509 Main St. Ste. 305, Dallas, TX 75209 Office 214-653-7980 Fax 214-653-7988


  1. Asses Your Business Needs
    Identify the hazards most likely to affect your business. Dallas County faces a number of natural and man-made hazards, from fires and tornados to power outages and terrorist attacks. Consider the potential impacts of all hazards when developing emergency plans, such as whether your facility is vulnerable to flooding, or how a power outage might affect your company's ability to do business.
  2. Plan to Stay in Business Every business should plan in advance to manage any emergency situation. How quickly your company can get back to business after a fire, flood, or terrorist attack often depends on emergency planning done today.

    DEVELOP A PLAN: Your emergency plan should include details about 1)how your business will restore critical functions (often called a Business Continuity Plan) and 2) how your business will address life safety issues (also known as an Emergency Action Plan). The plan should also include emergency supplies and equipment, as well as outline the roles and responsibilities of key emergency personnel (e.g. how the crisis team would implement the plan).

    EMERGENCY PLANNING FOR EMPLOYEES: Your employees and coworkers are your business's most important and valuable asset. Two-way communication is central before, druing and after a disaster.

    EMERGENCY SUPPLY KIT & BUSINESS GO BAG: When preparing for emergency situations, it's best to think first about the basics of survival: fresh water, food, clean air, and warmth. Talk to your co-workers about what emergency supplies the company can feasibly provide, if any, and which ones individuals should consider keeping on hand.

    PLANNING TO STAY OR GO: Knowing how and when to evacuate the workplace or shelter in place a key part of your emergency plan. An informed decision to evacuate or shelter-in-place can minimize, if not prevent, injury and damage by adequate planning and foresight.

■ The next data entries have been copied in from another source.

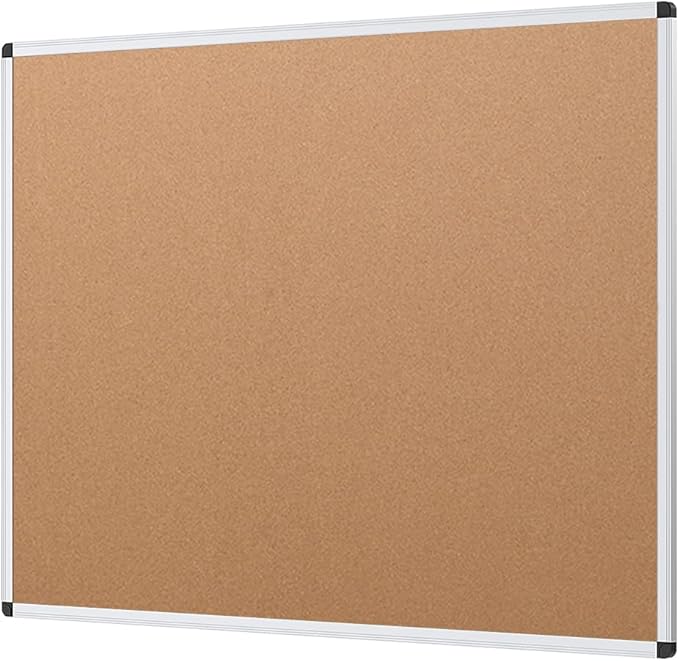 VIZ-PRO Cork Notice Board, 36 X 24 Inches, Pack of 2, Silver Aluminium Frame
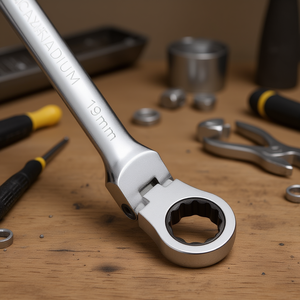 Clé combinée industrielle Fervi en acier au chrome-vanadium métrique 19 mm avec tête à cliquet articulée - Product Image 3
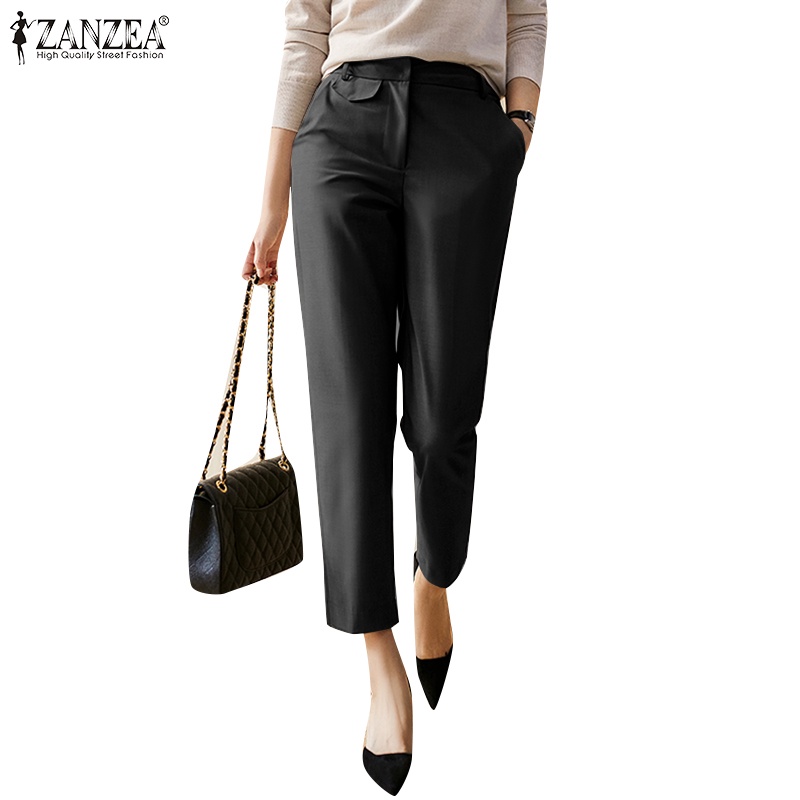 Quần dài ZANZEA ống rộng lưng co giãn thời trang cho nữ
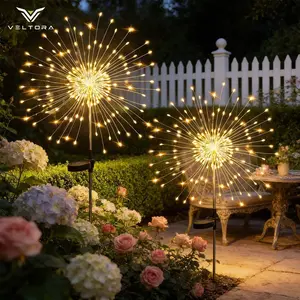 VELTORA 150 LED Solar Garden Lights 2 Pack, Upgraded Lithium Battery Fairy Firework Lights, Brighter Warm White Outdoor Solar Lights, Fast Charging & Longer Lasting Decor for Yard, Patio, Pathway, Flowerbed & Balcony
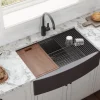 Outlet 33" Gunmetal Workstation Apron Front Stainless Steel Kitchen Sink Single Bowl Sinks|Stainless Steel Sinks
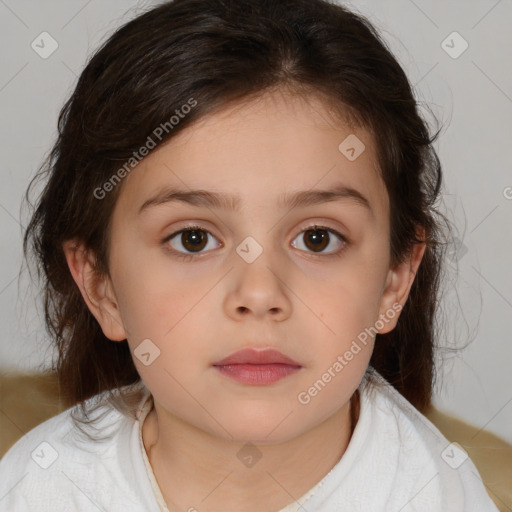 Neutral white child female with medium  brown hair and brown eyes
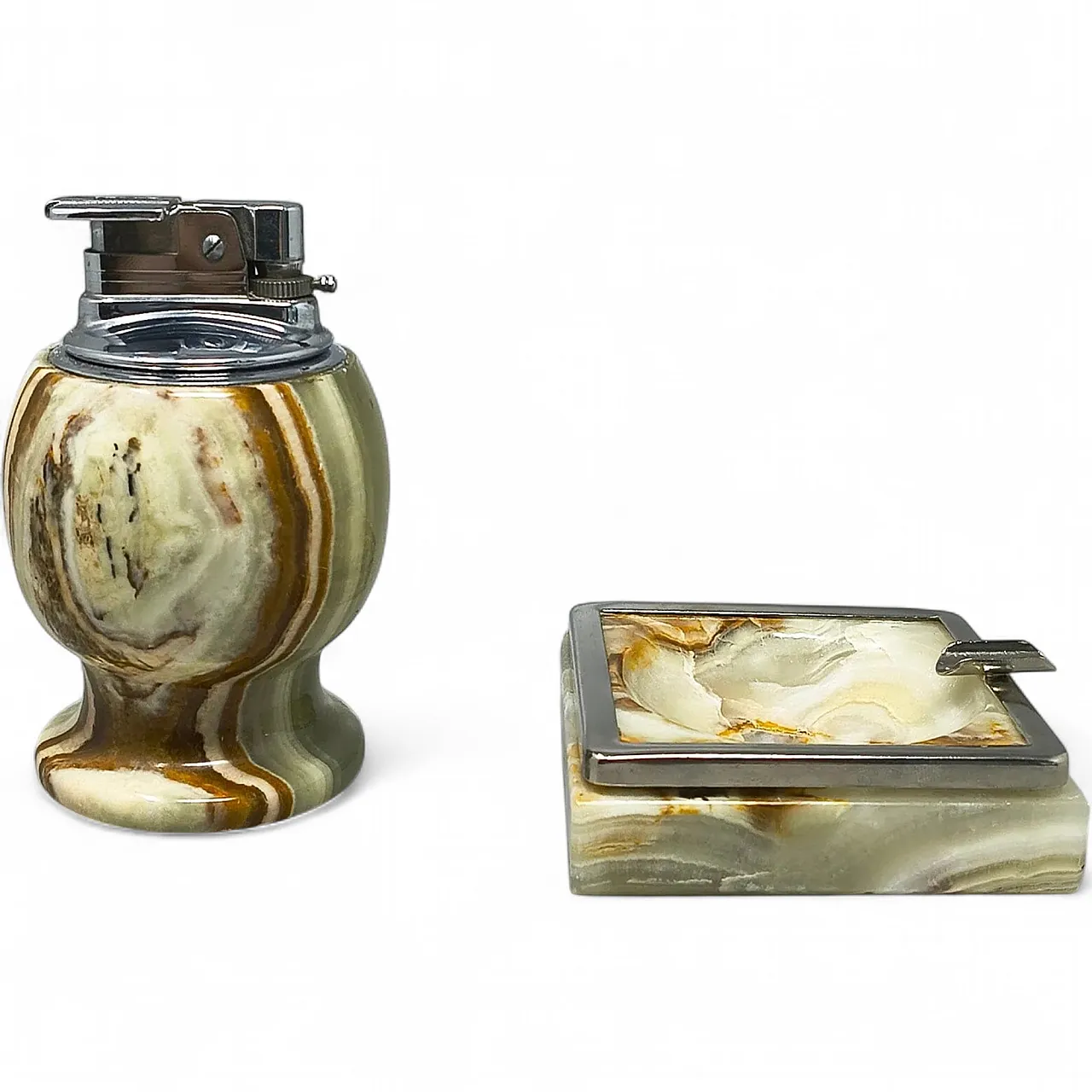 Onyx smoking set with table lighter and ashtray, 1960s 7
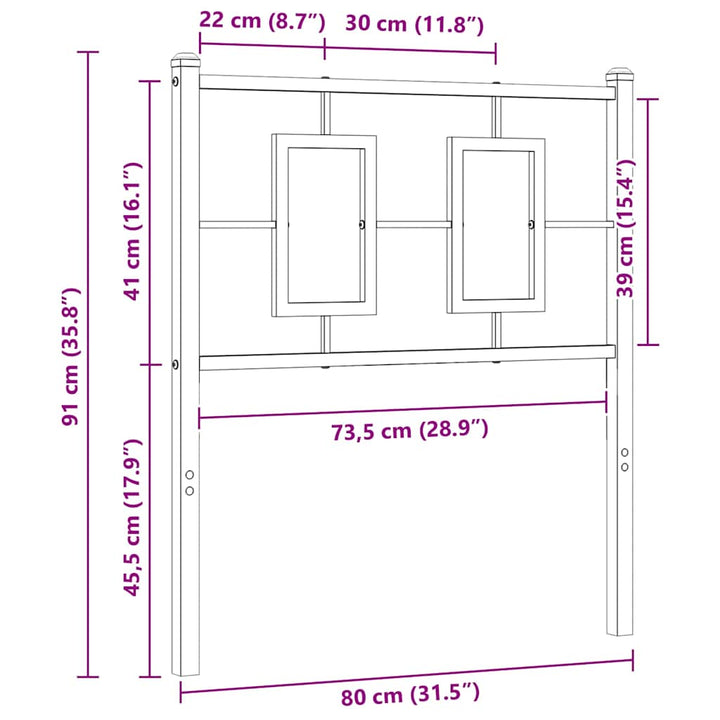 udskiftningsgavl 75 cm metal sort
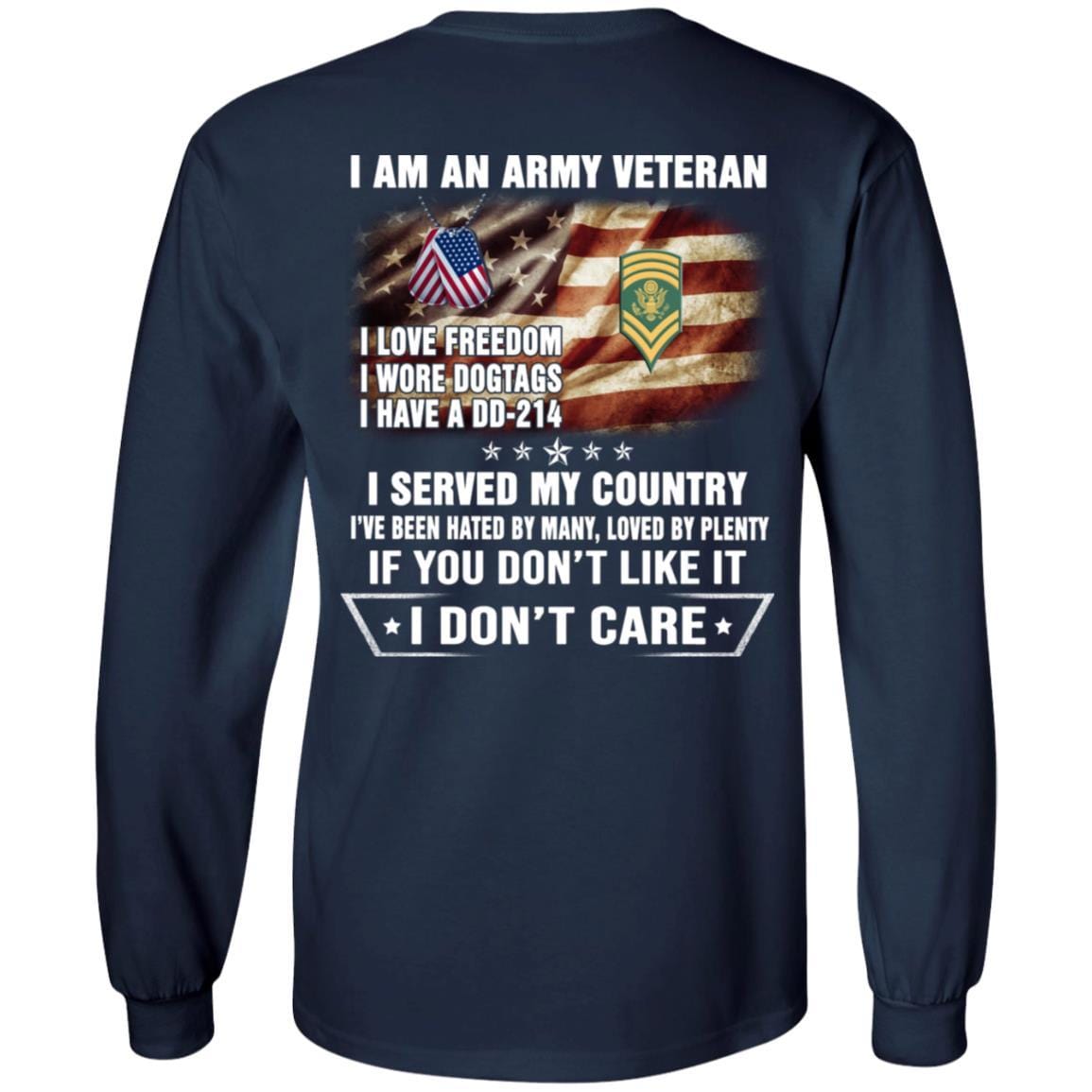 T-Shirt "I Am An Army Veteran" E-9 SPC(SP9)Rank On Back-TShirt-Army-Veterans Nation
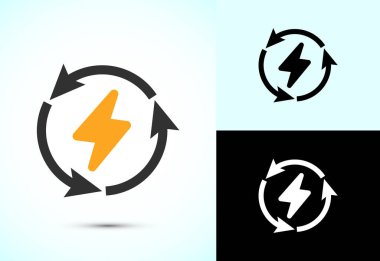 Yenilenebilir enerji ikonu tasarımı çizimi. Yenilenebilir güç işareti sembolü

    COORDINATE WITH OTHERS: Meet with other businesses in your building or industrial complex. Plan to conduct evacuation drills and other emergency exercises together. Talk with first responders, emergency managers, community organizations and utility providers. Plan with your suppliers, shippers, and others you regularly do business with.

    REVIEW PLANS ANNUALLY: Just as your business changes over time, so do your preparedness needs. When you hire new employees or when there are changes in how your company functions, you should update your plans and inform your people.

  3. Talk to Your People
    One of the best methods of assuring your company's recovery is to provide for your co-workers' well-being. Communicate regularly with employees before, during, and after an incident. use newsletters, intranets, staff meetings, and other internal communications tools to communicate emergency plans and procedures.


  4. Protect Your Investment
    in addition to emergency planning and communicating with employees, there are steps you can take to safeguard your company and secure your physical assets.